What is Deep Learning?
What are the main types of AI?
What is Generative AI ?

Definition of AI

💡 Did You Know?
The term ‘Artificial Intelligence’ was coined by John McCarthy during the seminal 1956 Dartmouth Summer AI Project. He deliberately chose ‘Artificial Intelligence’ to differentiate this emerging field from ‘Cybernetics’, another popular research domain at the time focused primarily on control and communication in biological and mechanical systems.

We will delve deeper into this pivotal moment in AI history later in the blog

Artificial Intelligence, or AI, is a field of Computer Science which broadly focuses on creating machines that exhibit ‘intelligence’.

Intelligence typically refers to the ability to perceive, reason, learn, and adapt—qualities that enable humans to perform tasks requiring cognition, decision-making, problem-solving, and effective interaction with their environment.

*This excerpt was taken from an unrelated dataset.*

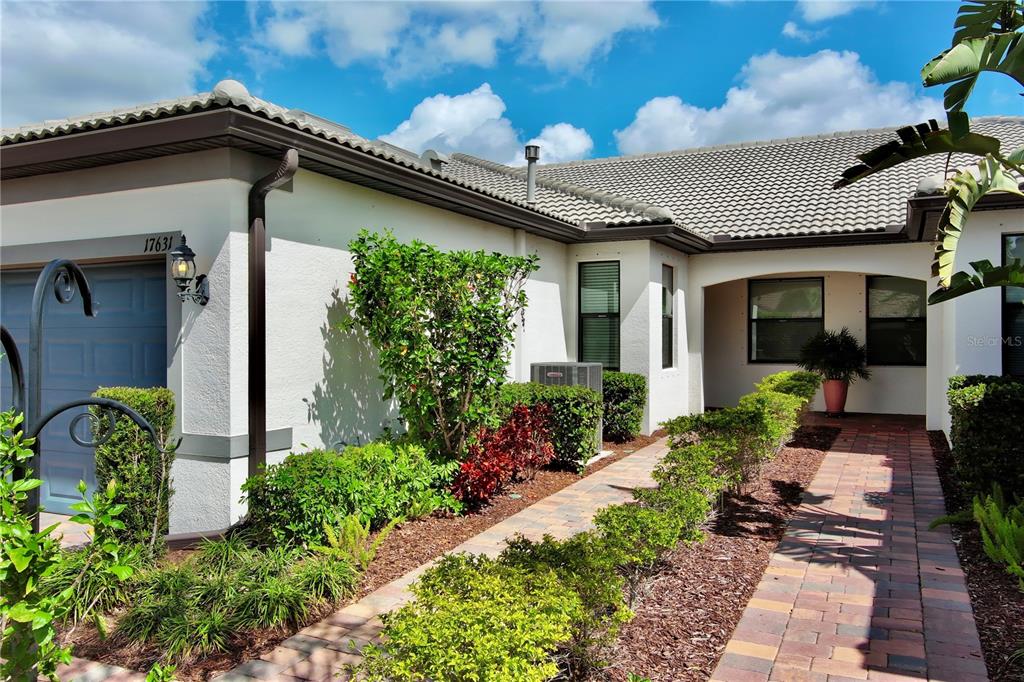A single-story house exterior features a brick walkway, manicured landscaping, and a tiled roof — 17631 CAMDEN DRIVE, BRADENTON, FL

As you may have noticed by now, the definition of Artificial Intelligence is intentionally vague. This vagueness arises primarily because reaching a universally agreeable definition of AI has been challenging, making it what Marvin Minsky aptly described as a ‘suitcase-word’. Marvin Minsky, one of the original AI pioneers and a participant in the seminal 1956 Dartmouth Summer AI Project, used this term to highlight how AI encompasses a diverse set of ideas, methods, and applications packed into a single term, each carrying a slightly different meaning depending on context. According to Minsky, AI indeed suffers from a ‘packaging problem’, holding multiple definitions simultaneously.

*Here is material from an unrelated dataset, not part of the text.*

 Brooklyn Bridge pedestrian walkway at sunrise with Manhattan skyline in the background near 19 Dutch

Interestingly, the absence of a universally accepted, precise definition of AI has been both a challenge and a boon. As highlighted by Stanford’s influential ‘One Hundred Year Study on Artificial Intelligence’ (2016), this lack of strict boundaries has allowed AI to grow, evolve, and advance at an accelerating pace. Practitioners, researchers, and developers navigate this field guided primarily by a general sense of direction and urgency rather than strict definitions.

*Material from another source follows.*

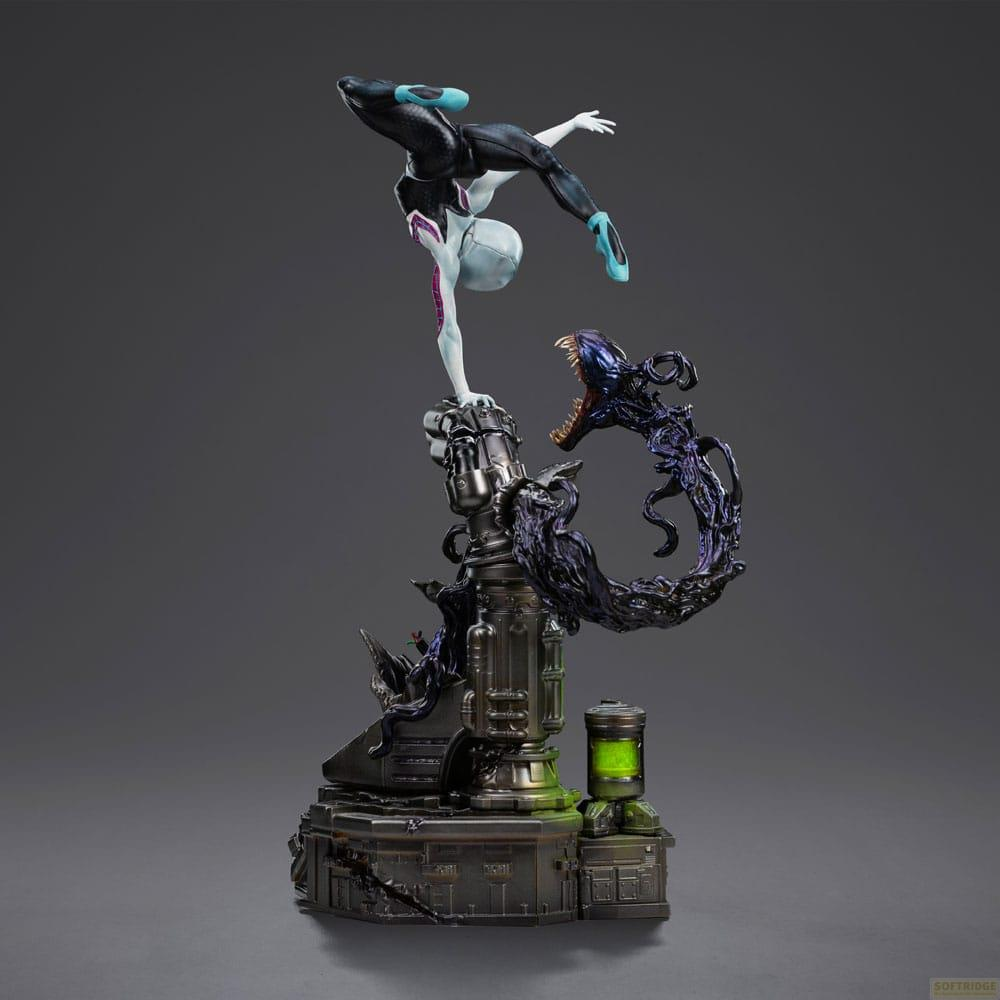 Action figure di Ghost-Spider in verticale su base tecnologica mentre una creatura simbionte attacca.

Since the 2010s, however, popular media has increasingly associated AI almost exclusively with ‘Deep Learning’ (neural networks). This narrow view represents an unfortunate oversimplification and inaccuracy, as Melanie Mitchell points out in her book Artificial Intelligence: A Guide for Thinking Humans. Deep Learning is indeed a powerful subset of Machine Learning, which itself is a subset of Artificial Intelligence. Nevertheless, equating AI solely with Deep Learning overlooks the field’s broader complexity and variety.

AI fundamentally comprises diverse methodologies aiming to create machine ‘intelligence’, making it critical to keep the suitcase-word concept in mind for a complete understanding.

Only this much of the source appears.